Purple is in for quite a while now. First in the catwalks and catalogues, and little by little we see it also more on the streets. Not maybe the easiest colour to choose for most of us, and often it is one of those 'love or hate' colours. But actually you can do a lot of nice combinations with purple or the lighter lilac. If you are afraid to invest directly in bigger pieces, try what accessories would do, maybe a soft lilac beanie, or a scarf, and start small.


Here we have combined a mid purple soft jumper and teal green trousers. You can of course pick up different tones of both colours. Safe and easy way is to use together one dark colour and one lighter colour. For example dark green with lighter lilac, or deep purple with mint green. These looks would be quite balanced yet interesting.

For bolder looks you can combine dark green with dark purple, or both colours with lighter variants.
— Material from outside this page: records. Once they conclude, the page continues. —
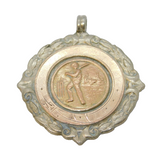 Sterling Silver & Gold Cricket Sporting Fob Medal Antique 1930 Birmingham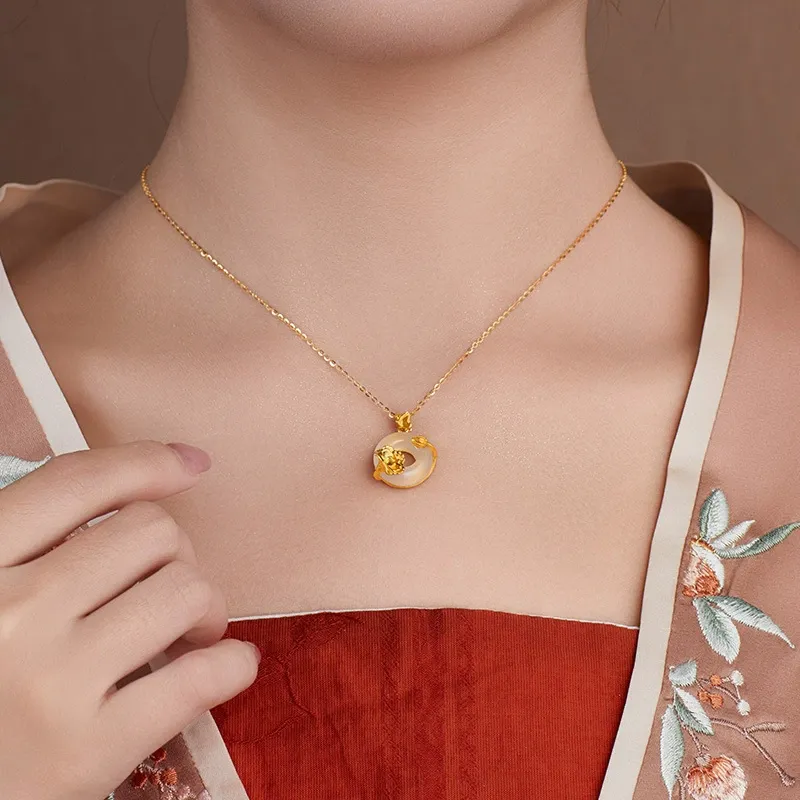 Celebrate The Great Blessing Chalcedony Jade Necklaces Women's-3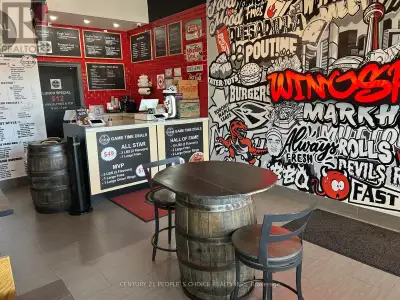 Great opportunity to own Wing Spot in a prime Markham location at 5694 Hwy 7, Unit 5. This turnkey r...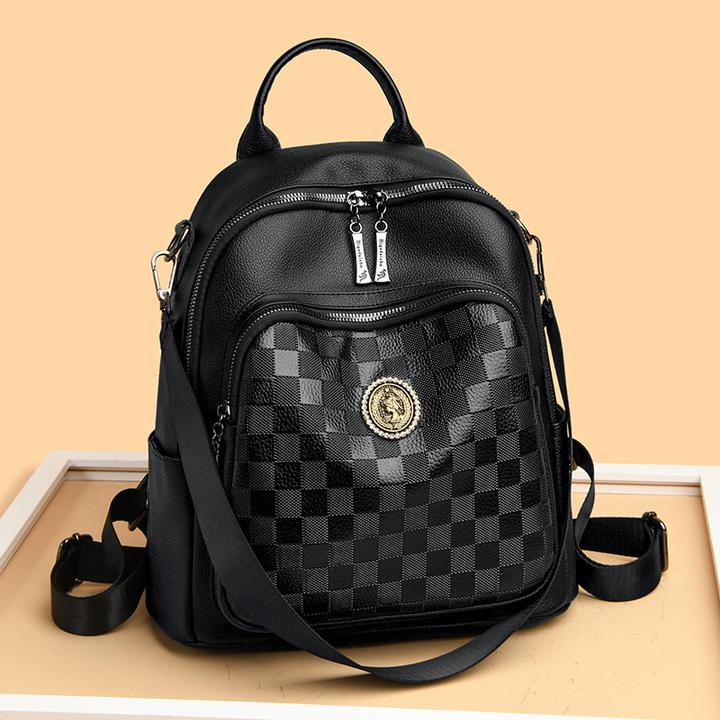 2025春季新款双肩包女棋盘格百搭两用背包软皮多口袋书包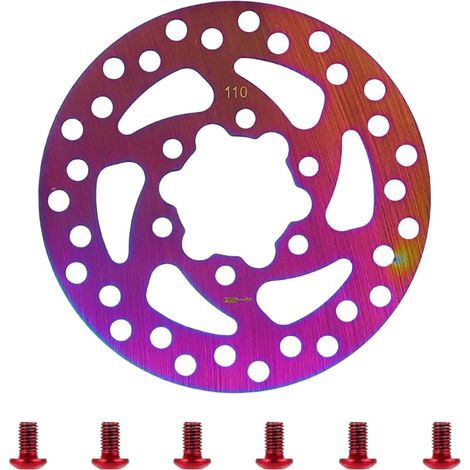 Disques et plaquettes de frein colorés pour VTT, disques de cassette 110 mm, accessoires pour plaquettes et disques de frein de vélo (1/4)
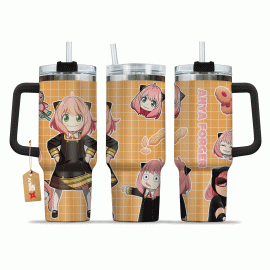 Anya Forger Spy x Family Anime Custom 30oz or 40oz Quencher Stainless Steel Tumbler With Handle, Best Gift Idea NVA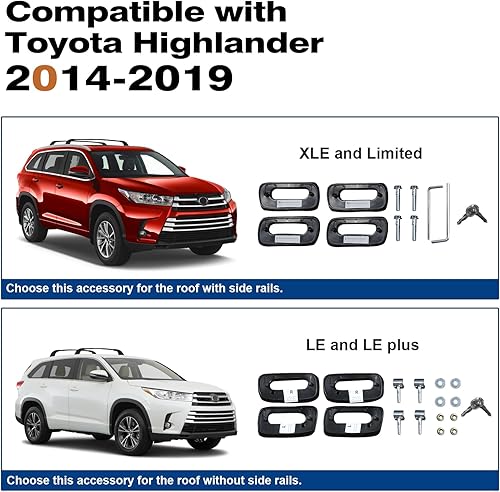 Miniatura 6 de Max Loading - Barras transversales de techo con cerradura de 220 libras para Toyota Highlander 2014-2019 con bloqueo de metal antirrobo, barras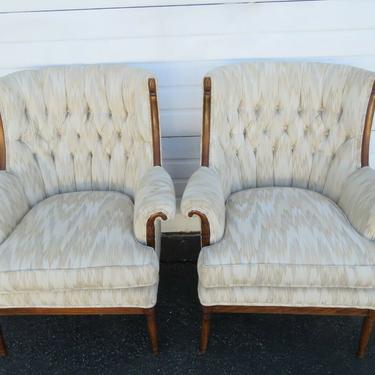 Carved Pair of Fireplace Living Bed Room Side Chairs 2076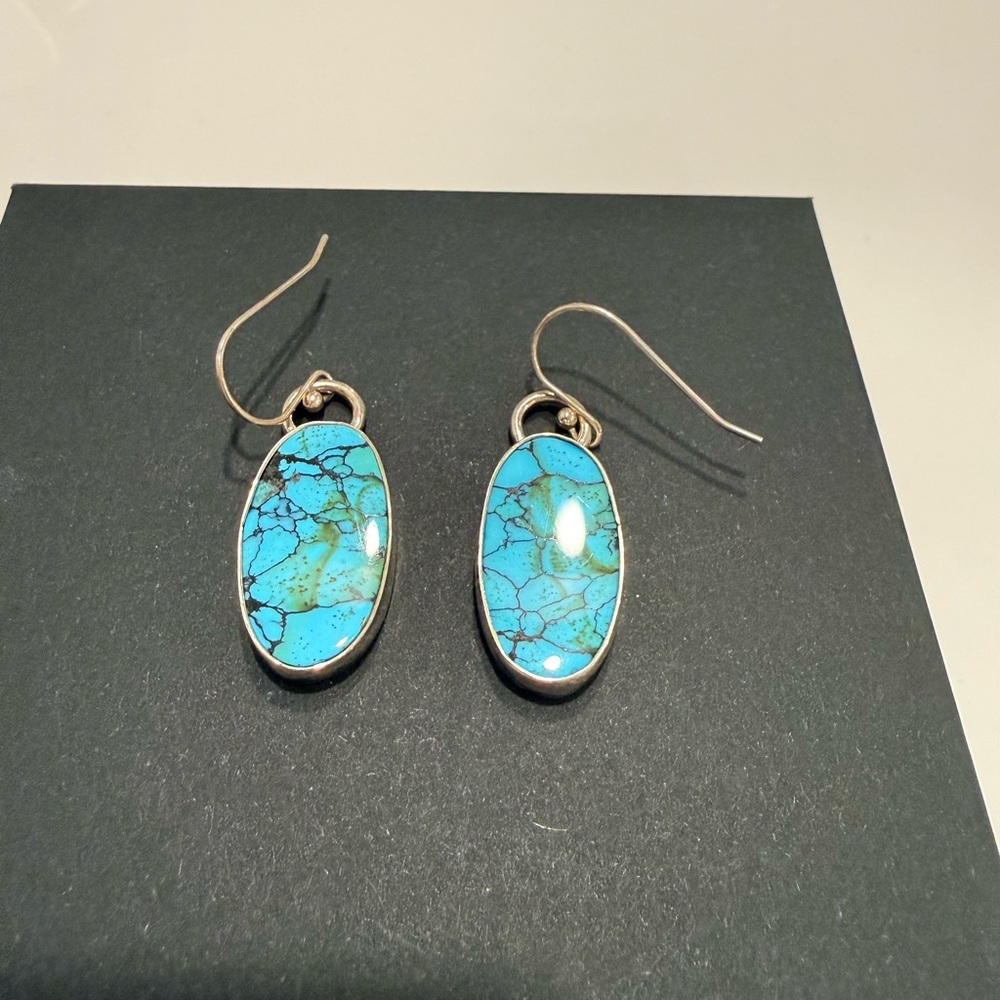 Hubei Turquoise Oval Drop Earrings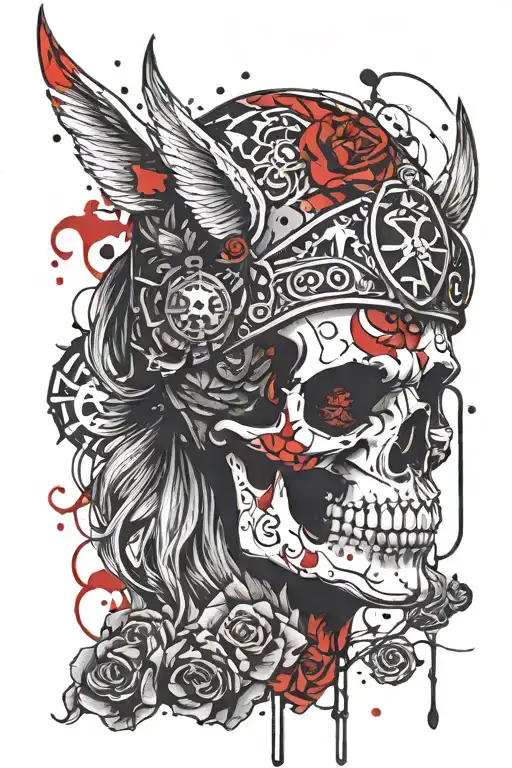 Half Candy Skull Half Viking Face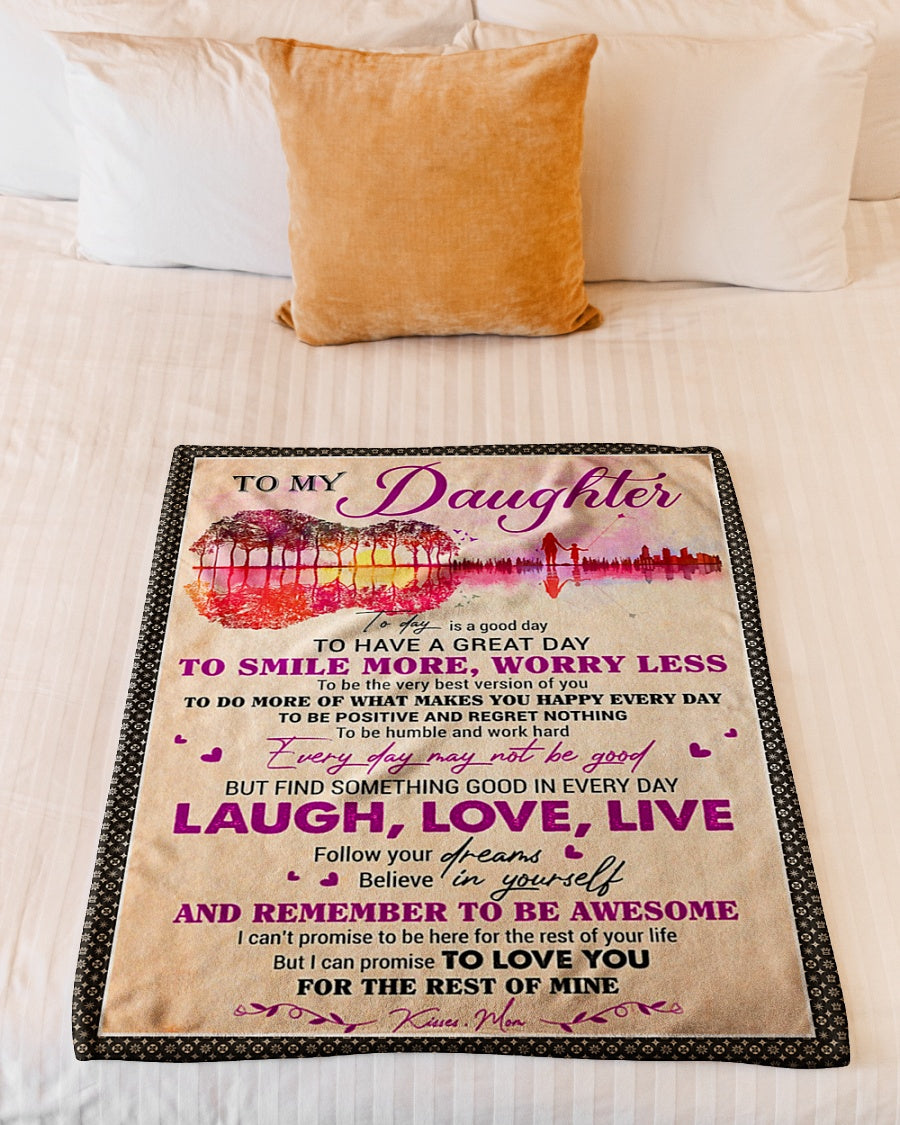 Guitar Today Is A Good Day Mom To Daughter Flannel Blanket For Cozy Bedroom Sofa Decor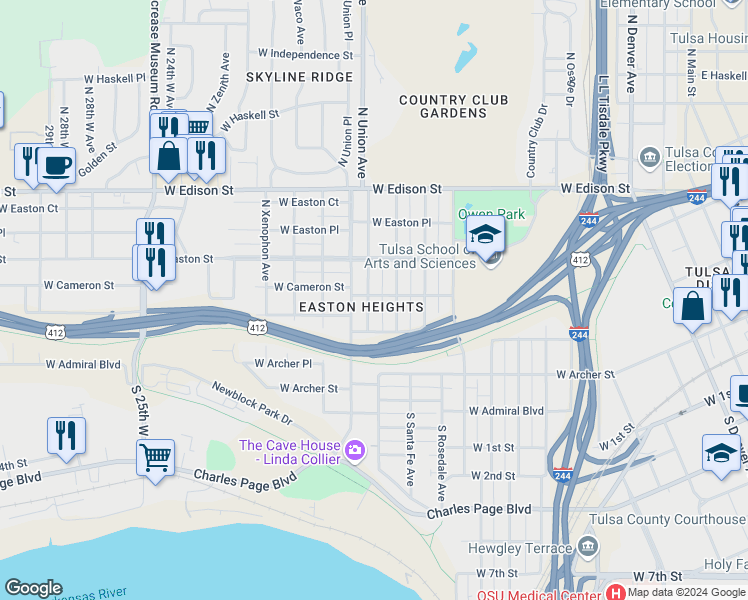 map of restaurants, bars, coffee shops, grocery stores, and more near 231 North Tacoma Avenue in Tulsa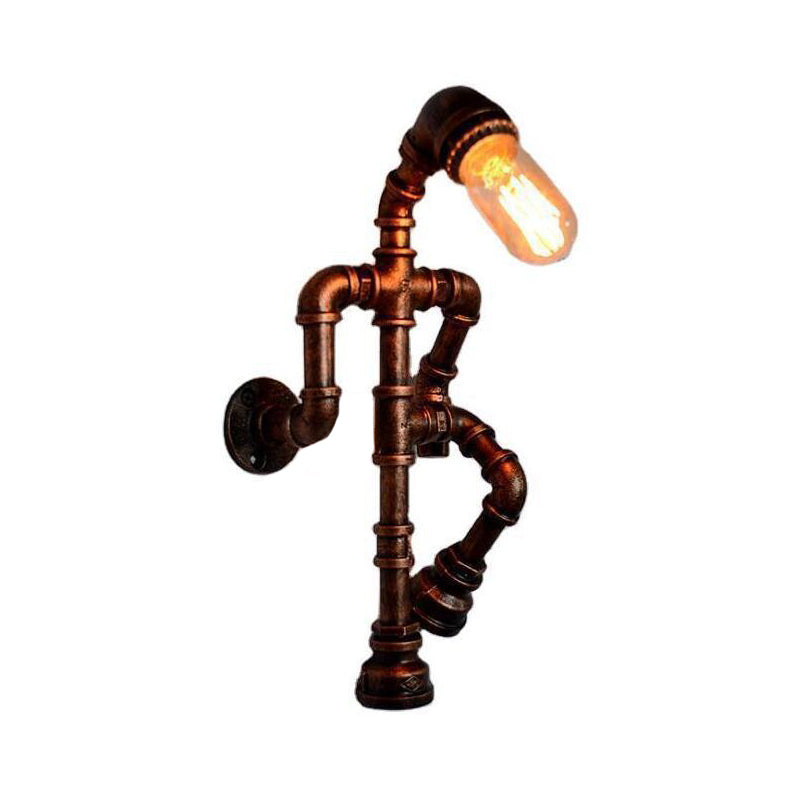 BowLift | Steampunk Pipe Robot Wall Lamp Single Lamp Wrought Iron Wall Mounted Light Fixture in Black/Bronze/Copper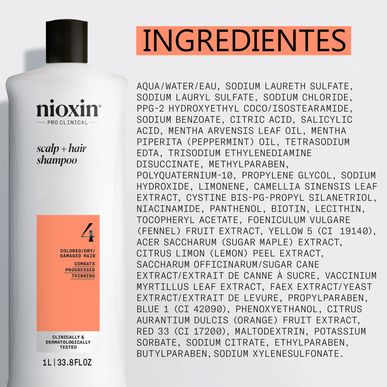 Nioxin Professionals Schampo Hårbotten 4 Färgat Torrt Skadat Hår Presentset 4 Schampo för Skadat Hår 1000 ml 1000 ml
Test and see, whether it suits you.


Have to admit, this combination is also bold, but nevertheless quite stunning. We chose a turtleneck in deep purple, and bright cheerful vintage inspired trousers in pumpkin orange, and to finish it up also a scarf by Wolvis. To tone these colours down, try combining with lilac or more muted terracotta.


Here you can go in many ways. Try pale pastel blue with dark purple, can be stunning. Or like here take a dark blue jumper and combine with lilac trousers. Exciting, but accessible and not too over the top.

If you want to add a third colour in this scheme, try out different greens.


In this look we went all the way with lighter tones, and we added ecru to the combination of lilac and mustard. The lilac T-shirt has a nice subtle print, the trousers actually combine with different colours as well as for example black. The scarf adds more mustard yellow to the pallet.

As an alternative you can also choose to combine darker mustard, and maybe even darker purple. Instead of ecru you can go for beige as additional neutral colour, or even darker brown would be ok.


Here we opted also for a lighter tones, caramel brown and lilac. The T-shirt comes in lilac, the trousers are melange caramel, in flannel, and both colours return in the soft toned sneakers.

You can also try to combine lilac with darker browns like cognac - can be quite stunning - or chocolate brown. 


Grey combines beautiful with strong colours. Here we just added some magenta sneakers to add interest in a monochrome outfit with a T-shirt and trousers. You can add any purple tone to grey, just test what you like.


Storng and sweet combination, of a jumper and pink corduroy trousers, for if you like a little more colours. Here you can also test different tints of purple combined with different pink. Try for example dusty pink with strong purple. Or the same pink with lilac, both can be beautiful together, but very different. We combined soft warm pink again with the mid toned purple.


These colours can clash but if you are not afraid some bold styles, this combination can be just your new favourite. We went for bright red jumper, again with the lilac trousers, but you try even darker purples here. 

* On the prices we use the concept price per wear, this calculated per 30 wears. For most of the clothing at least we hope that they will be worn much more than this, but on average we fall too often behind of this target, according to studies. The 30 wears minimum is a good start, to justify the ecological footprint of the garment. And for us as consumers a new way to consider how much we wear our clothing, and how much the cost of our clothing is per wear, instead of only looking at the purchase price, which may encourage us to buy lower quality at a cheaper price.